> RAW DATA:

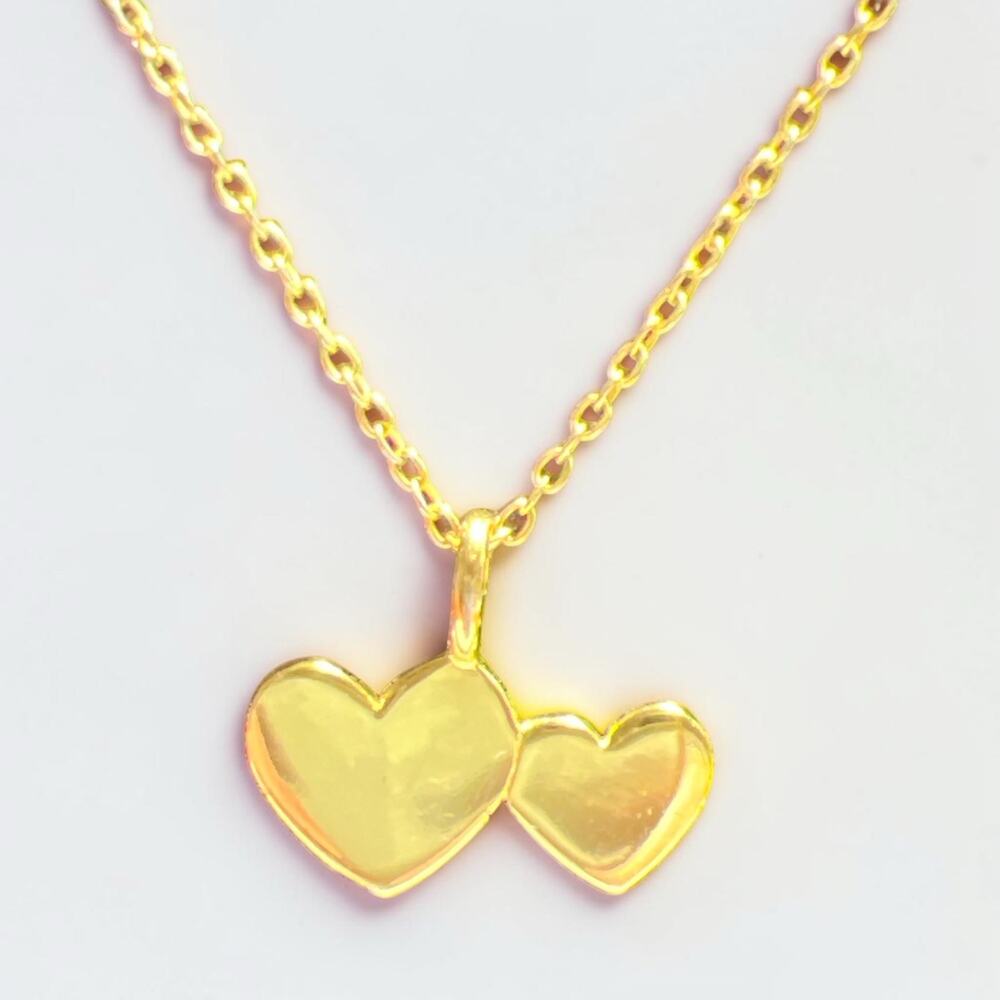 Vintage LA TH 925 Sterling Silver Double Heart Pendant Necklace w/Gold Plate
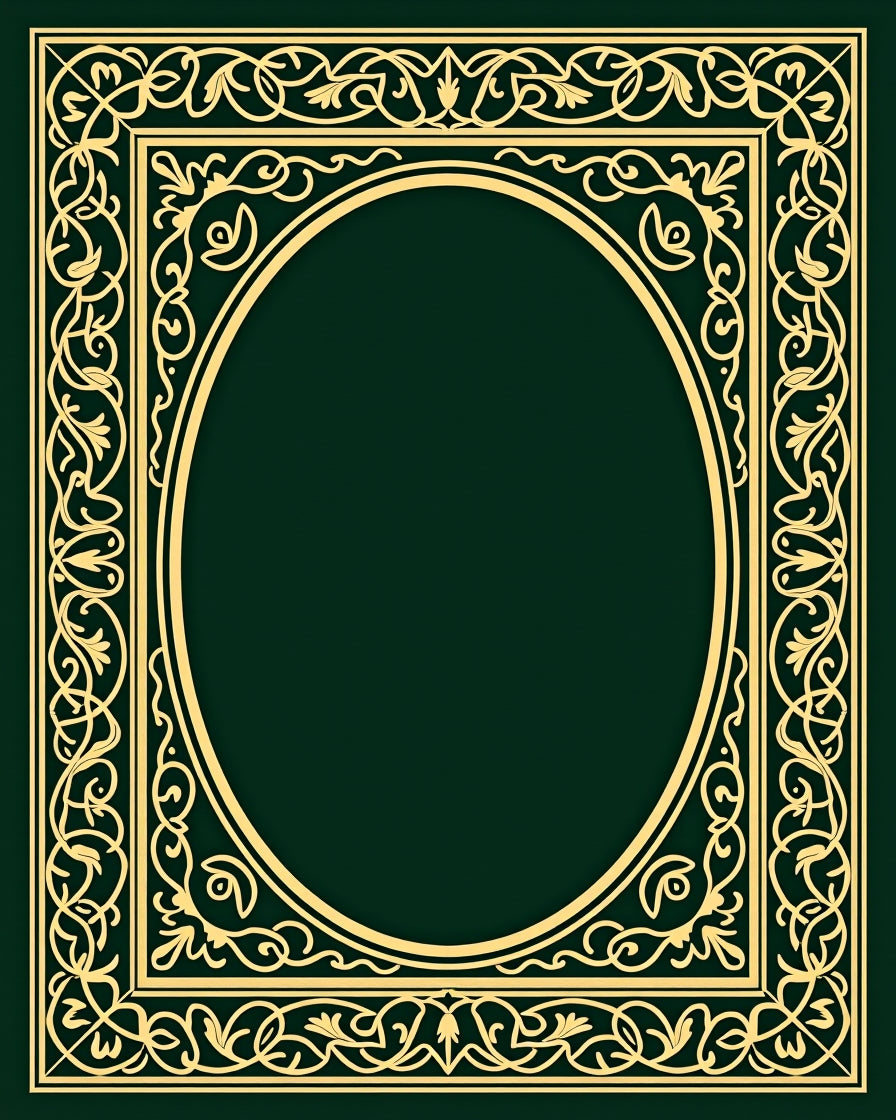 Elegant Gold Flourish Oval Border Rug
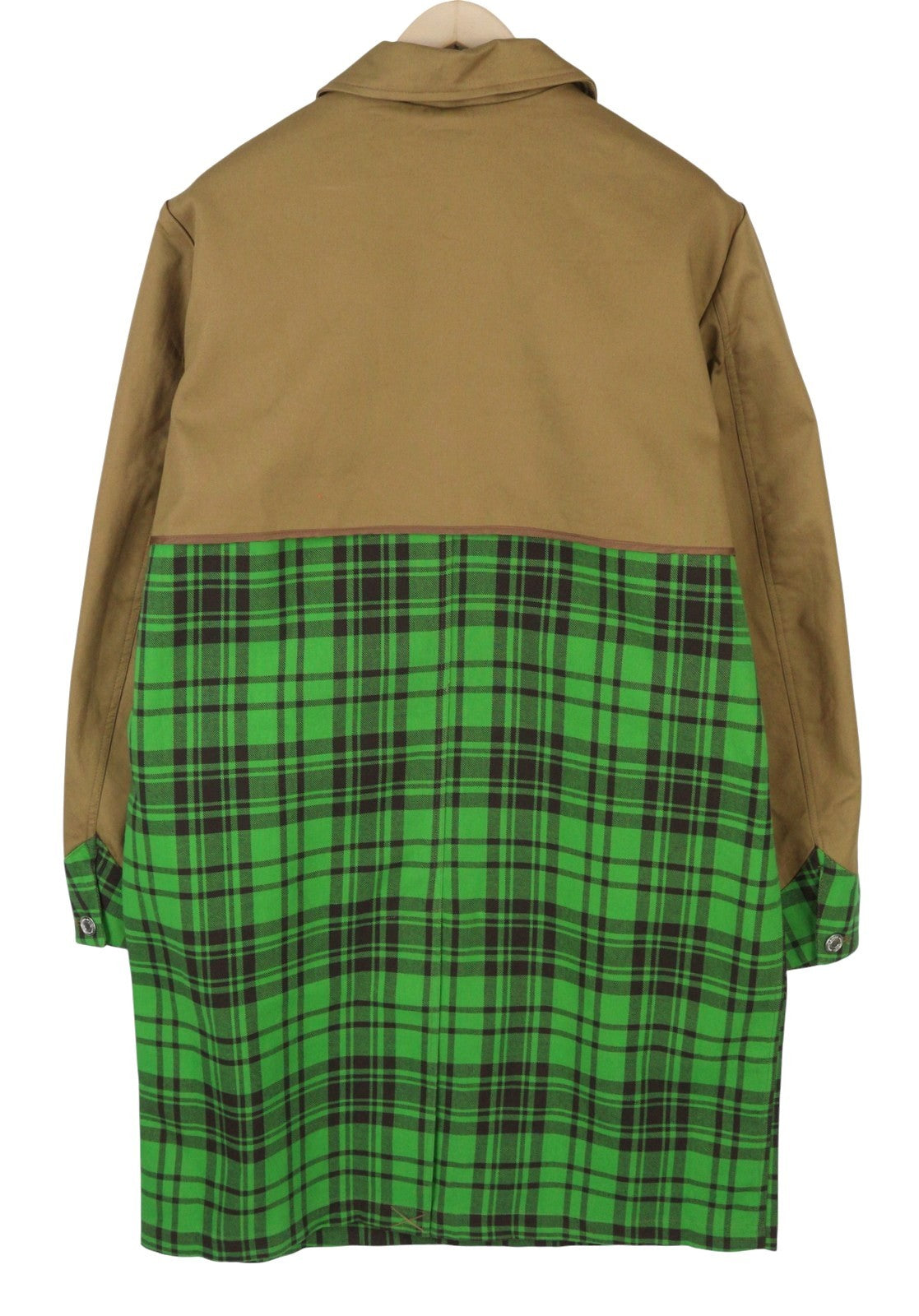 SCOTCH & SODA Men Coat M Green Check Printed Mid Length Trench RRP349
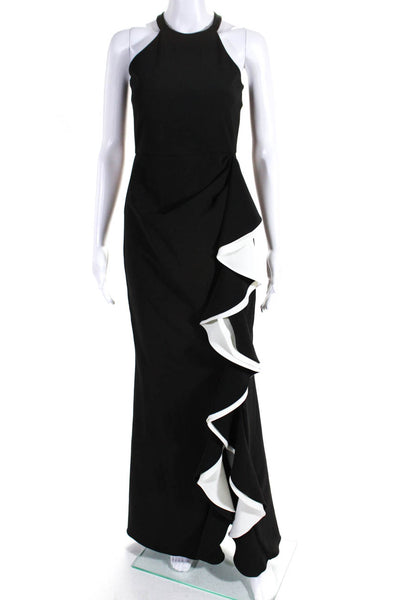 Parker Black Womens Black White Halter Neck Sleeveless Ruffle Gown Dress Size 2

> ACTIVITY: The job is to set down the whole listing exactly, excluding any images.

> REPLY TO THE EXERCISE:
 Vintage LA TH 925 Sterling Silver Double Heart Pendant Necklace w/Gold Plate
 Elegant Gold Flourish Oval Border Rug
 SCOTCH & SODA Men Coat M Green Check Printed Mid Length Trench RRP349
 Parker Black Womens Black White Halter Neck Sleeveless Ruffle Gown Dress Size 2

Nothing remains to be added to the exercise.